The film centers on Charley, a 15 year old kid played with wide eyes and impossible vulnerability by Charlie Plummer (All the Money in the World). He doesn’t have much, but he does have a little: a past as an athlete, a father who seems to be trying, a hopeful outlook on the world around him. The Charley we meet in the film’s beginning isn’t jaded by where his life has fell short. There is mention of an aunt who isn’t in the picture anymore, but Charley doesn’t let feel bitter about it. What good would it do?
But this movie isn’t about Charley. Not really. It’s about Pete, or rather Lean on Pete, a run-hard racehorse owned by Dell (a worn-down Steve Buscemi). Pete’s presence makes this a horse movie, but it is not a Horse Movie. This is not Black Stallion, this is not War Horse. This is an Andrew Haigh film, and so it is quiet and uncompromising, subtle and shattering.

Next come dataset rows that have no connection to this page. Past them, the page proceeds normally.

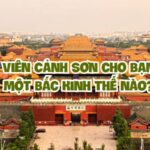 Công viên Cảnh Sơn cho bạn thấy một Bắc Kinh thế nào?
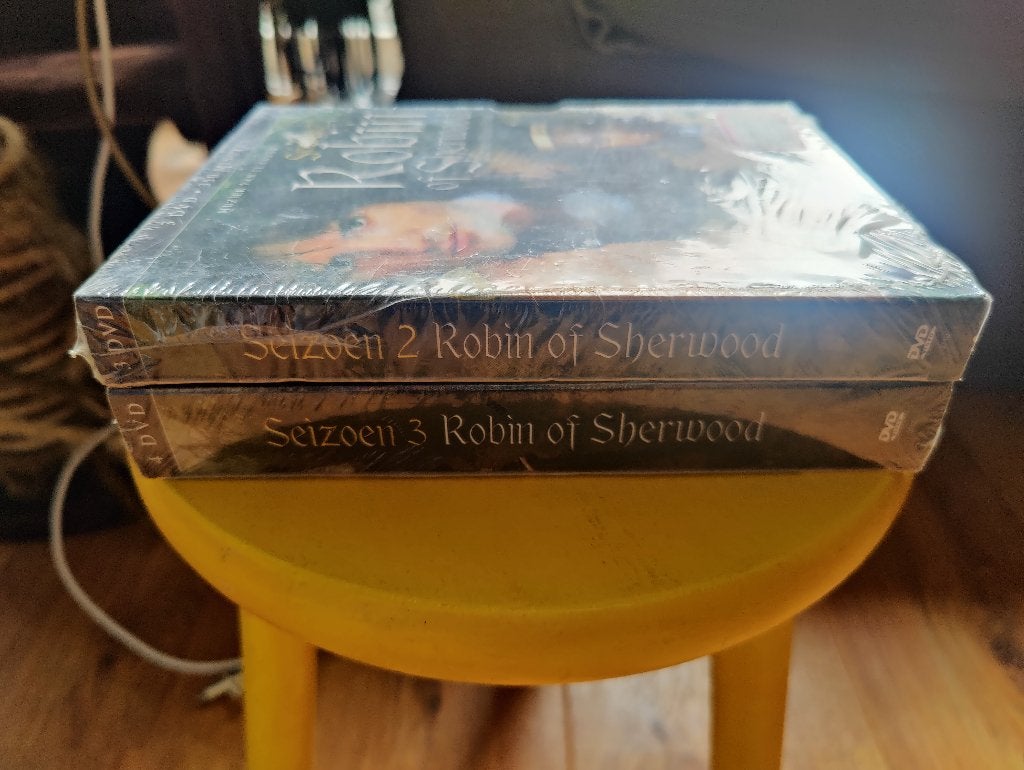 Robin of Sherwood - Seizoen 1+2+3 - (2+3 nog in plastic!), Cd's en Dvd's, Alle leeftijden, Ophalen of Verzenden, Zo goed als nieuw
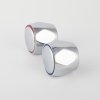 Маховик для смесителя " IDDIS" 8*20 хром (пара) 991RN201SM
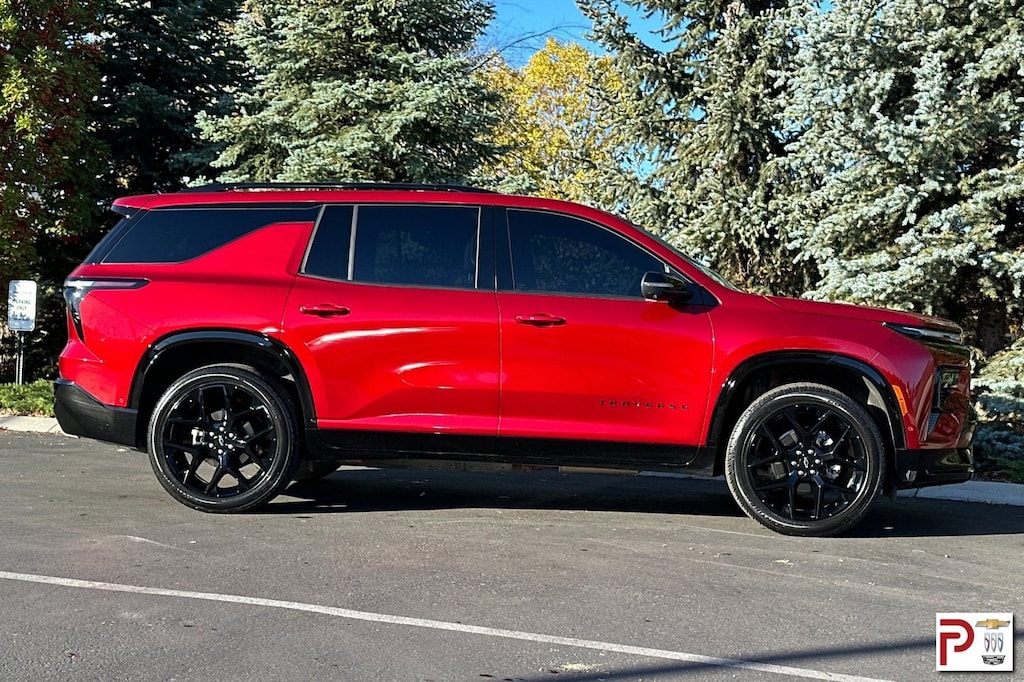 Certified 2024 Chevrolet Traverse AWD RS RS w/2RS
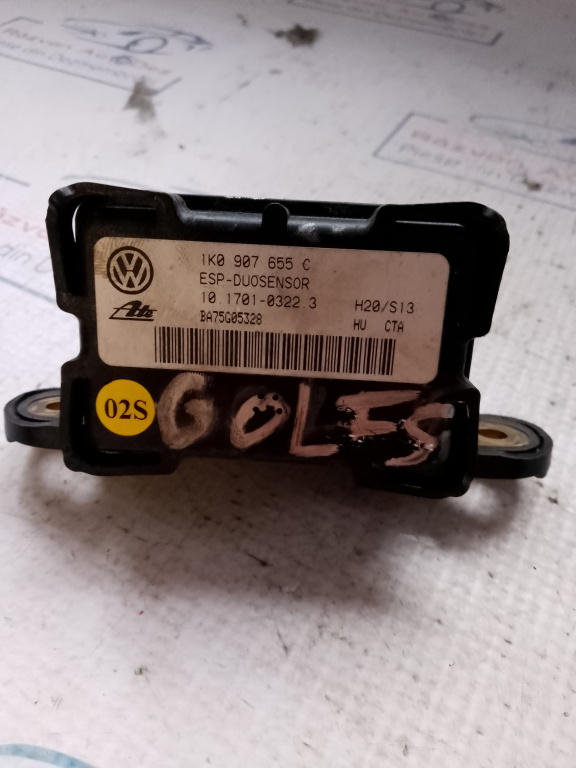 Modul senzor ESP Volkswagen Golf 5 2008, 1K0907655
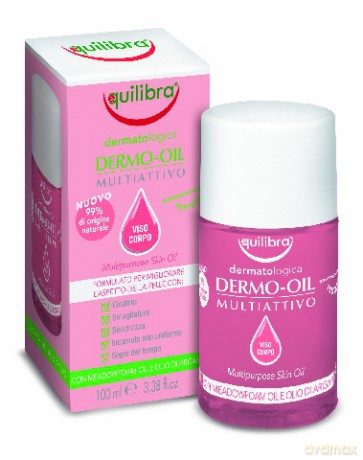 Equilibra Dermatologica: Olejek do twarzy i ciała (Multi Active) 100 ml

When Charley meets Pete, he is running in the early hours of dawn, something he does as part of his routine. The summer is ending soon and football tryouts are coming up. He wants to get back into shape. It is surprising to hear that Charley plays football; he is a small kid, with long limbs and a physicality bordering on breakable. But the surprise of it is also part of Lean on Pete’s magic: There is a truth to everything, even in the implausible.
On his run, Charley passes a stable, where a few horses are out walking. He stops and watches the horses, and by the day’s end, he has gotten a job there through pure force of will (Dell, the owner of said stable, is doubtful of Charley’s capabilities, but quickly learns that what Charley lacks in experience, he makes up for in desire to be there). Charley’s job with Dell is a lot of grunt work: shoveling hay, walking the horses, loading them up in the trailer. From the moment he starts, we know he is doomed. His eyes are too big, too open to make it through this world alive. And so he falls in love with Pete. And when Pete stops winning races, he saves him, and together they attempt to survive the world they live in.
Haigh makes romances. Weekend, his debut, follows two young men as they grow together over a weekend. 45 Years, his Oscar-nominated follow-up, explores the commitment and desolation of an aging marriage. While Lean on Pete may not appear to be as immediately romantic as Haigh’s previous two features, do not be mistaken. It glows and vibrates with the same energy that makes Haigh such a talented filmmaker. He adores his characters but refuses sentimentality at every turn. He presents their lives, their situations as they are, which becomes its own kind of tragedy.
Charley spends the majority of the film’s run time trying to do the right thing. He supports his father, he does right by Dell, and he takes care of Pete, even when it becomes impossible to do all three. At every turn, the world disappoints him, and yet he does not give up. Plummer portrays Charley as an open book, the kind of face that can’t help but give itself away. It is a remarkable performance, and one of the very best of the year. It is a fitting coincidence that both actor and character share the first name, for Plummer imbues Charley with such humanity and empathy that it becomes impossible to separate the two. Lean on Pete would not survive without Plummer’s face, which becomes its central focal point for its 121 minutes. Cinematographer Magnus Nordenhof Jønck shoots his face in intimate close up, following his every look and glance with the kind of rapt attention we ascribe to works of art. It is a miracle that Plummer doesn’t wilt under this kind of intimacy. Lean on Pete is the first lead role the 19 year old actor has done, and it doesn’t show one bit. Ultimately, it is the kind of performance that will linger, and one that promises a long, successful career to follow.
Lean on Pete is an exquisite film. Nothing this year has affected me the way it did. Haigh makes movies that we don’t see very often, ones about the small things, the things in between everything else, the outskirts of nowhere. I feel blessed to witness them. And with Lean on Pete, Haigh has mastered his technique to haunting effect. It is the strongest effort from an already strong filmmaker. And, most importantly, it does right by Charley. Just as Charley would have done for him, and for us.